One very good question students ask themselves when setting out to write a doctoral dissertation or master’s thesis is: How long should it be?
Not finding a definitive answer, Jean-Hugues Roy, a former reporter for Radio-Canada and now a professor at Université du Québec à Montréal, decided to wade into the issue using data analysis. Inspired by University of Minnesota researcher Marcus Beck, who undertook a similar study confined to his alma mater, Mr. Roy embarked on a similar quest involving all Quebec universities.
Mr. Roy consulted the online repositories for theses and dissertations at Quebec’s 13 universities. In the process, he learned that some institutions are better than others at managing their data. “Concordia has great metadata, while Laval is a hodgepodge,” affirms Mr. Roy. “And McGill’s server is always crashing!”

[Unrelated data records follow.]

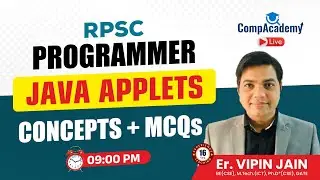 Java Applets | RPSC Programmer 2024 I RPSC Programmer Classes | Test Series | ACP | CompAcademy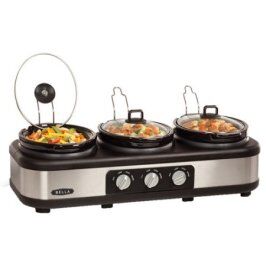 Rechaud Elétrico Bella Triplo Buffet Aço Inox 2,4 L - 127 V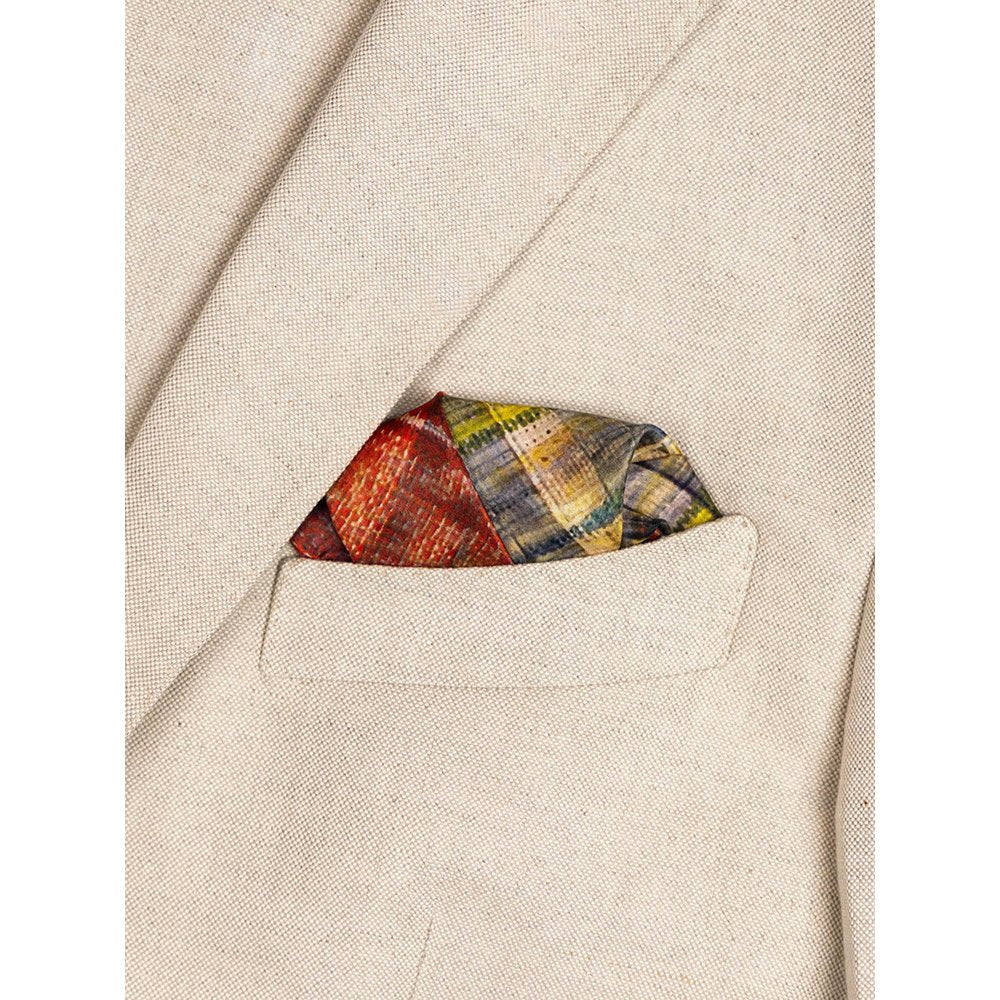 UNALLUME BY NISHA Multi-Colour Printed Pocket Square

To parse the data, he wrote several different Python scripts for each university. “It’s monks’ work,” he says, laughing.
Nevertheless, in just a few weeks he was able to index 55,000 papers, including 40,000 theses and 15,000 dissertations. “I must admit there are some gaps, and the numbers do not reflect every single paper out there. But I believe they account for 90 percent of the material written in Quebec over the past 25 years.”

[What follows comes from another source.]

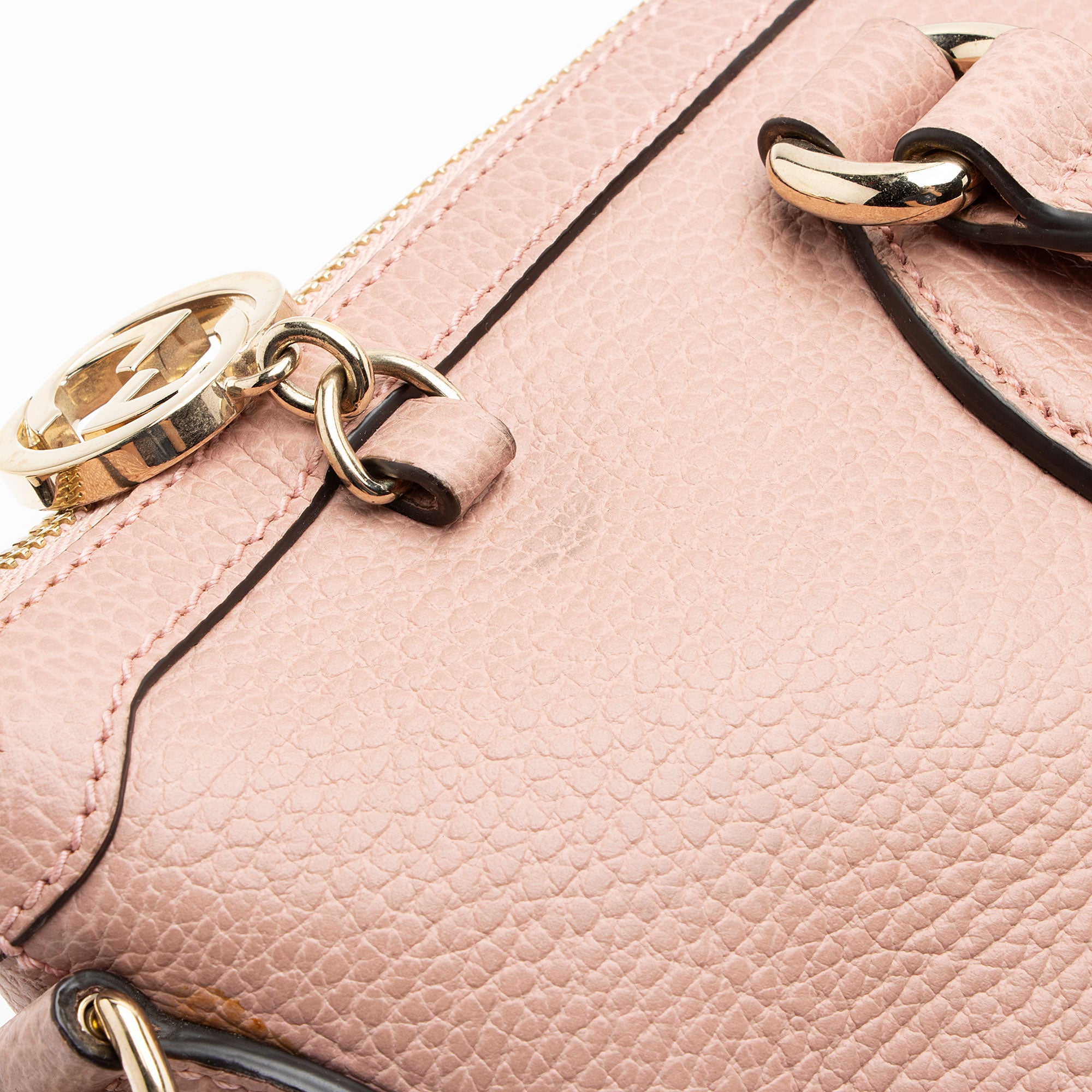 Gucci Leather GG Charm Large Satchel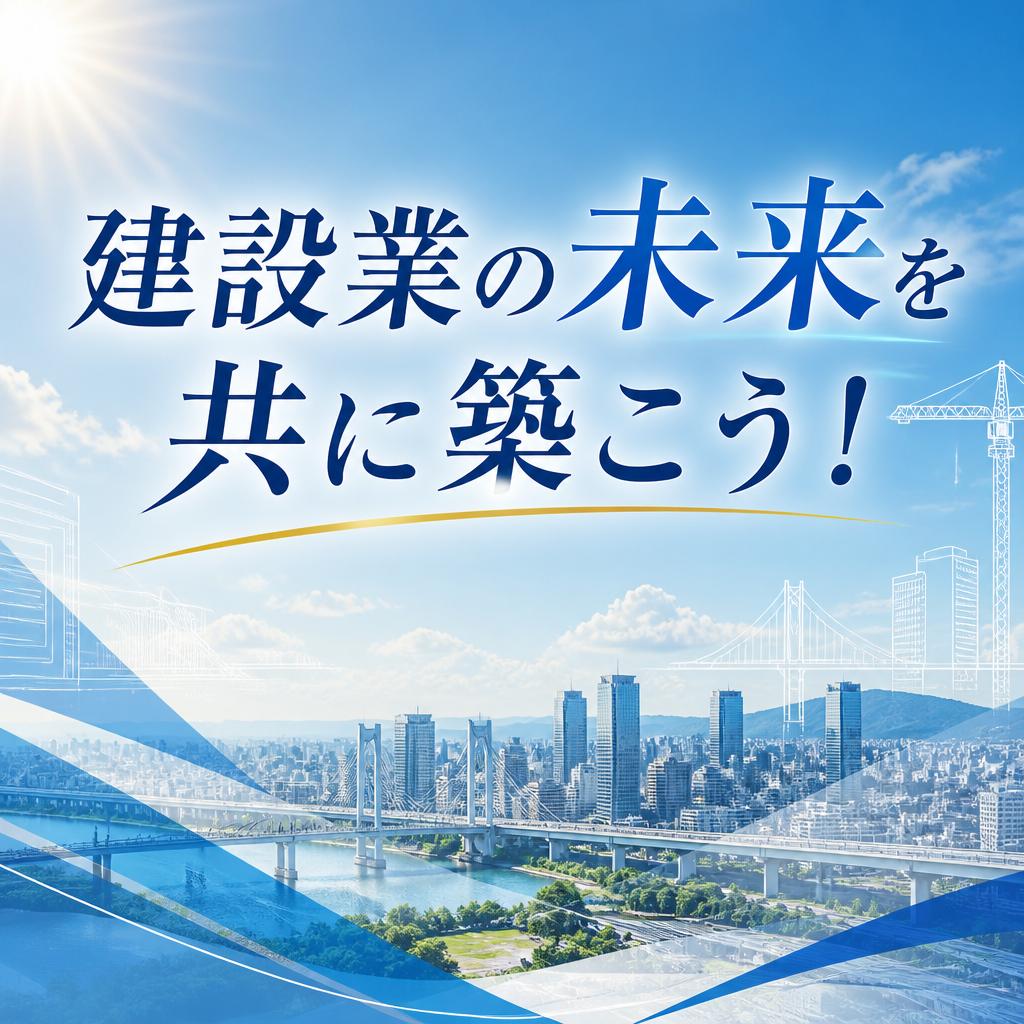 建設業の未来を共に築こう！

From this mountain of information, he came up with an average. All disciplines combined, the average master’s thesis is 133.33 pages, while doctoral dissertations are 251.3 pages on average.
But the bulk of the analysis had yet to be done, as Mr. Roy wanted to see how the numbers broke down by discipline. To do this, he began by standardizing the data based on the OECD Field of Science and Technology Classification.

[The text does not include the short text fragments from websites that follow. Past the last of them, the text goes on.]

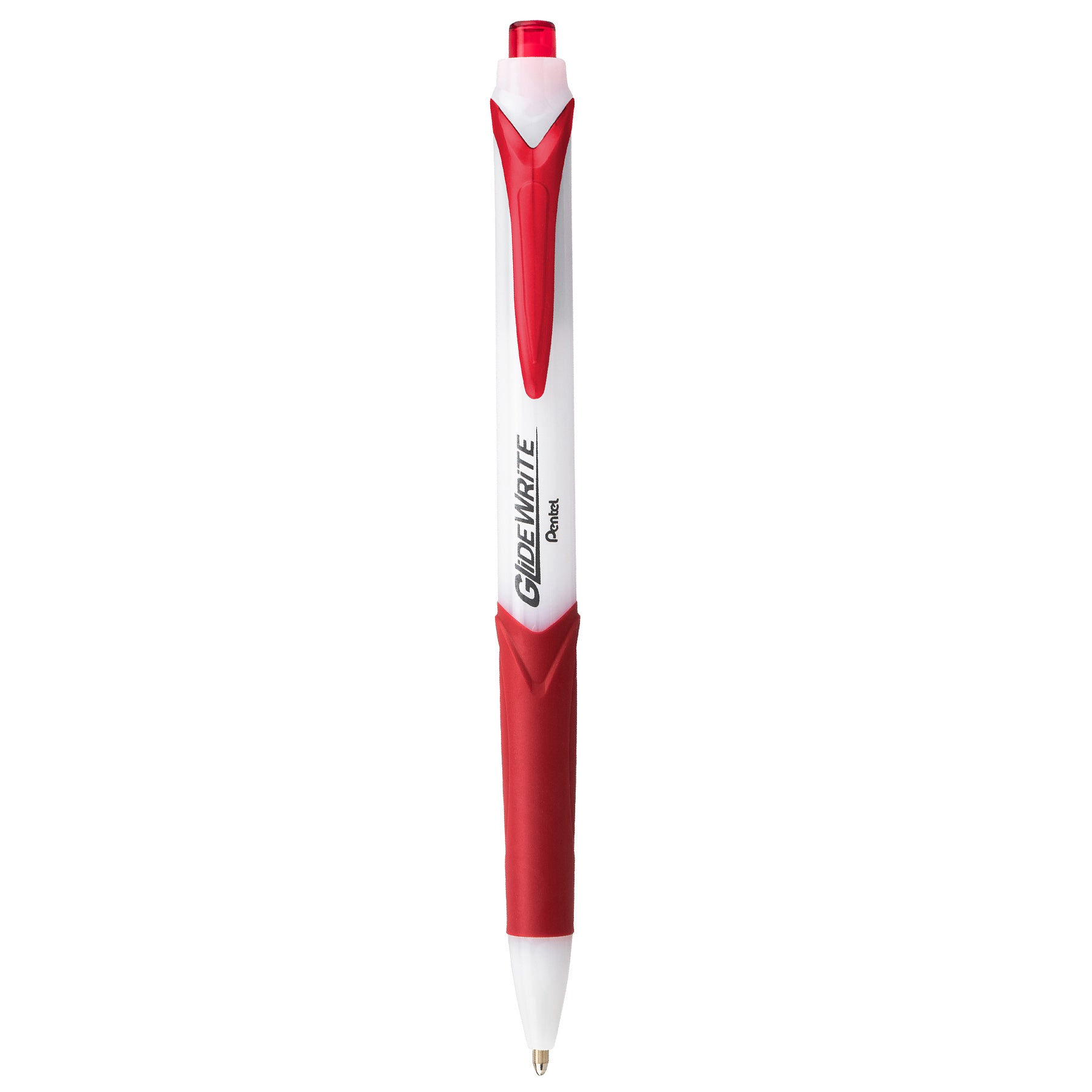 GlideWrite Ballpoint Pen with TechniFlo Ink, (1.0mm) Medium Line, Red, 1 Dozen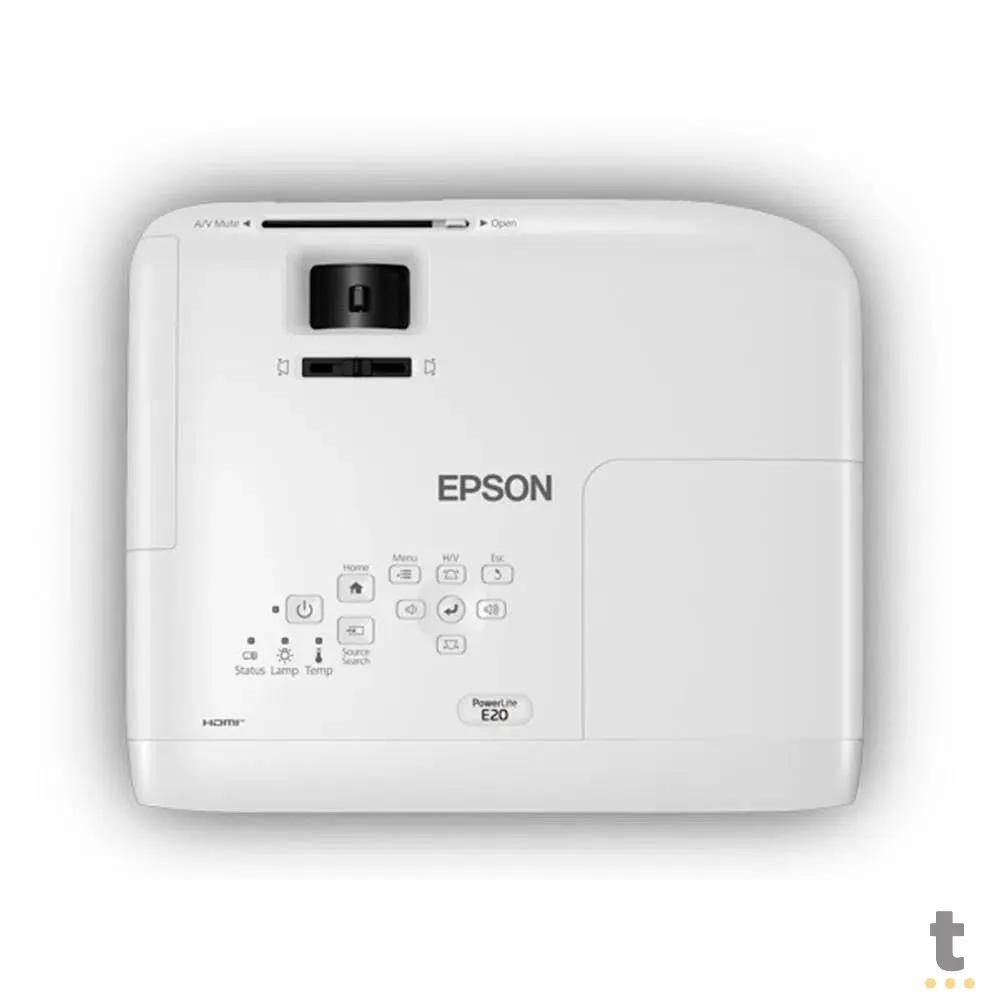 Projetor Epson Powerlite E20 XGA 3400 Lumens HDMI- V11H981020 Truedata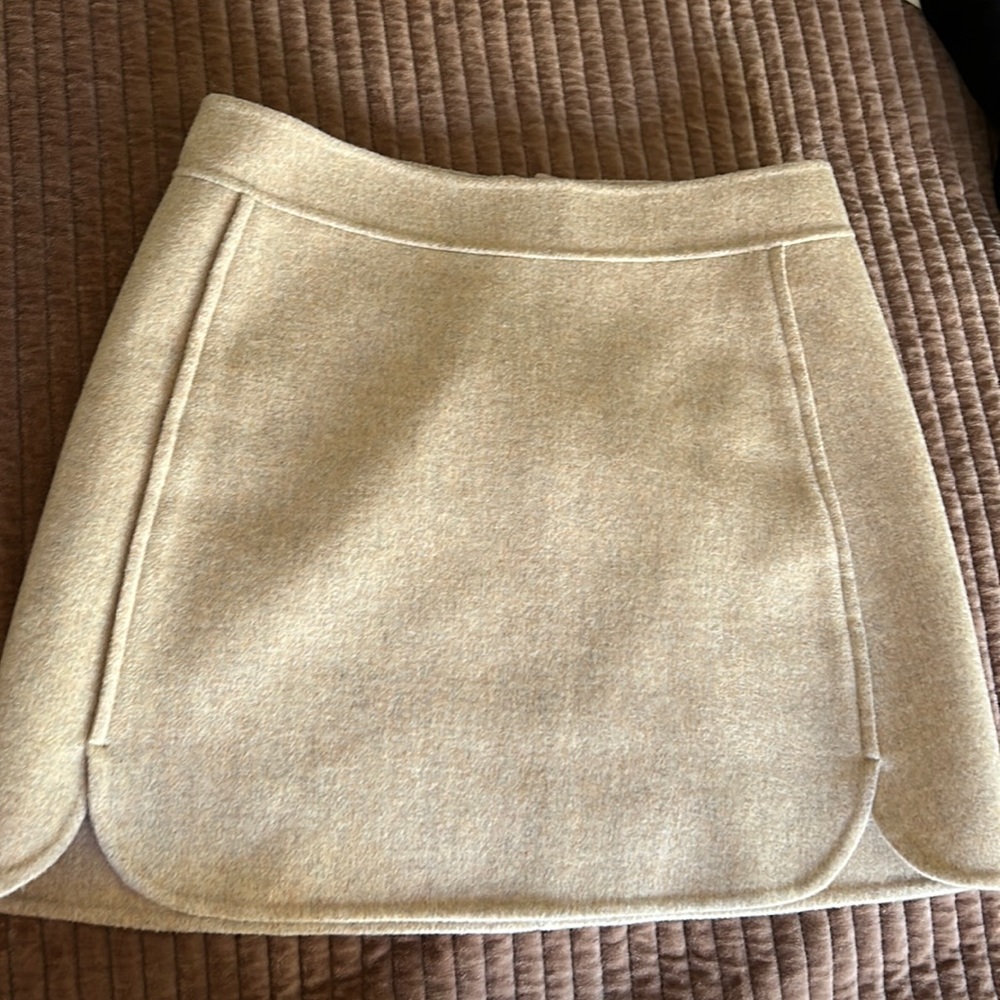 Sezane wool skirt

The results vary greatly according to the field of expertise. For example, in law, some theses top out at over a thousand pages, while dissertations in statistics and mathematics tend to be only a few dozen pages long. “No surprises there,” he notes. “The world record for the shortest doctoral dissertation is held by a mathematician: nine pages for a PhD obtained from MIT in 1966.”
Mr. Roy also discovered that titles have become longer over time. “This would suggest that we are losing our capacity for abridgement,” he notes. At 378 characters, a 2012 thesis about maternal stress submitted to Laval University’s department of psychology had one of the longest titles. (That would be, “Stress maternel prénatal et développement précoce : données de naissance, attention et sécrétion cortisolaire à trois mois. Association entre le stress maternel prénatal, l’âge gestationnel et le poids de naissance du bébé : une analyse d’études prospectives. Association entre le stress maternel prénatal, l’attention/éveil et la sécrétion cortisolaire de l’enfant à trois mois.”)
“There are some real treasures buried in there,” says Mr. Roy, who found himself engrossed for hours by some theses. He hopes to get people interested in dusting off these papers, mothballed all too quickly, and to raise public awareness of the knowledge that academia is producing – and perhaps to also encourage universities to work together to standardize their data. (All the data collected by Roy is available on his blog.)
“I hope others will be inspired to pick up the torch and carry it forward. It would be interesting to expand the project to include universities from the rest of Canada as well.”